/ 2 min read / Workflow / Seed

Tailscale + Termius for safer SSH access

Use a private Tailscale network and SSH profiles in Termius to reduce exposure when managing local machines and cloud droplets.

Context

Remote access to development machines usually starts with public SSH on a VPS, then grows into ad-hoc habits across local devices and cloud hosts.

That default works, but it increases attack surface and makes session stability a daily reliability problem.

A safer baseline is to keep both local-machine and droplet access inside a private mesh and treat the remote shell as disposable.

Decision / Insight

Use Tailscale as the private network layer and Termius as the operator-facing SSH client.
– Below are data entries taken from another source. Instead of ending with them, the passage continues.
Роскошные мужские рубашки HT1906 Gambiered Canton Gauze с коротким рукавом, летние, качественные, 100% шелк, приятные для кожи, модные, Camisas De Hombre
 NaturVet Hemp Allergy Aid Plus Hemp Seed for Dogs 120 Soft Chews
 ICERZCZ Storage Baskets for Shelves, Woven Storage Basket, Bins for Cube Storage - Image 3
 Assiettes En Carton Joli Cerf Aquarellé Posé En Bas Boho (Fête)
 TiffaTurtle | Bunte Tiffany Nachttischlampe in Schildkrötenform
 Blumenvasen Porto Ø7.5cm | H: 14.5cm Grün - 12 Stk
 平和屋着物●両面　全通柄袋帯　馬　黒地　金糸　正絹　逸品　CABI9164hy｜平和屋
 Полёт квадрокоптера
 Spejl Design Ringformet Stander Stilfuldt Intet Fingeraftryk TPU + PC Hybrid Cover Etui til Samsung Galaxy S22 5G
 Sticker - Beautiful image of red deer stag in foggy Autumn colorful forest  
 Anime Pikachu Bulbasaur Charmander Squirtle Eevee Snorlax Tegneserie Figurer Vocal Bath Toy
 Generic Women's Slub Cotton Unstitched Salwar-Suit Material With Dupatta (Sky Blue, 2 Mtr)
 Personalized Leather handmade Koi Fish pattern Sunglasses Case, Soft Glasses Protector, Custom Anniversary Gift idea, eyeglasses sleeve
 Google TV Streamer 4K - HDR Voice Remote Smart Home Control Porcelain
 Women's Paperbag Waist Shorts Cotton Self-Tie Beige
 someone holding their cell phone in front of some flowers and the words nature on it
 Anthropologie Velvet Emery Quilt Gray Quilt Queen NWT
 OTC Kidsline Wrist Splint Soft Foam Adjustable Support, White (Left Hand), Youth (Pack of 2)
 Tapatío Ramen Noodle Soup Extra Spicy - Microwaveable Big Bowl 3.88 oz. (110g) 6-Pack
The important shift is to connect through Tailscale node IPs instead of exposing public SSH whenever possible, both for local hosts and droplets.

For AI coding tools, avoid running opencode directly on the VPS. Run it locally and use SSH only for bounded remote operations.

Breakdown

Local machine connection

  • Join laptop/desktop and any home lab machine to the same Tailscale tailnet.
  • Use Termius profiles that target each host’s Tailscale IP or MagicDNS name.
  • Disable unnecessary inbound port-forwarding rules from the public internet.

Droplet connection

  • Install Tailscale on the droplet and keep SSH bound to private access paths.
  • Prefer connecting from Termius to the droplet’s Tailscale address, not its public IPv4.
  • Keep cloud firewall rules strict even when Tailscale is in place.

Security boundary for opencode

  • Avoid running opencode directly inside the VPS session.
  • Keep the agent runtime local so credentials, workspace controls, and audit context remain on the trusted machine.
  • Use the droplet as an execution target, not as the primary autonomous agent host.

Long-running remote work can break when the SSH transport drops. Use tmux as the persistent session layer and start tools through a stable alias.

Example shell pattern:

alias oc='tmux new-session -A -s opencode "opencode"'

With this pattern, reconnecting via Termius restores the same tmux session instead of losing active context after transient disconnections.

Reusable Takeaway

A practical remote baseline for solo builders is:

  1. private network first (Tailscale),
  2. consistent SSH client profiles (Termius),
  3. no autonomous coding runtime on public VPS shells,
  4. tmux-wrapped command aliases for reconnect-safe sessions.

This keeps remote access safer without making day-to-day operations slower.